Feud between ACHD, Boise continues over parking sensors

BOISE -- The city of Boise sued the Ada County Highway District on Friday in attempt to legalize the parking sensors it installed without permission.

Fourth District Judge Deborah A. Bail rejected the city's request for a restraining order against ACHD removing the sensors; after the ruling, the District said it would let the devices stay in downtown streets for the immediate future.

ACHD President John Franden said it was unfortunate the city had chosen the path of confrontation instead of cooperation.

"It never should have come to this," Franden said. "The city received a generous offer to place the parking sensors in the streets downtown and for whatever reason does not want to play by the rules. We still hope this can be resolved amicably."

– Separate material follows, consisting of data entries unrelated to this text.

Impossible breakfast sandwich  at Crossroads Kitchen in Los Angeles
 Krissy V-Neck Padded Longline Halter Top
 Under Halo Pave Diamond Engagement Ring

ACHD and the city have been unable to come to terms on an agreement despite numerous meetings and a proposed agreement from the District. The proposal would govern the placement of the devices, as well as how they will be installed and maintained in the future. The same agreement covers other items of mutual interest downtown, such as sidewalk cafes and valet parking.

A statement was released by city of Boise spokesman Adam Park Friday afternoon. "After seeing the premature action yesterday by ACHD to begin removal of the sensors with no prior notice to citizens or businesses, the city felt it was important to ensure no action was taken before the permit application review was complete. With today's announcement by ACHD that the sensors will not be removed for the immediate future, the City has achieved the result it was hoping for."

In mid-2013, the city asked for permission to install 200 sensors, including the 68 that were installed before an ACHD inspector discovered the installation work and shut it down. On Thursday, the City asked for permission to install another 611 sensors across downtown Boise.

For the past 11 months, the city has refused to enter an agreement to regulate the placement of the sensors, saying ACHD does not have full control over the streets in downtown Boise.

While state law reserves the regulation of parking meters to the city, Idaho Code specifically invests "exclusive general supervision and jurisdiction" over county roads to ACHD, which means the city must receive ACHD's permission for the sensors.

The city says putting meters with sensors into downtown will create a better parking environment for users, but critics told ACHD Commissioners last year that the technology is an attempt to increase revenue and urged that permission be denied.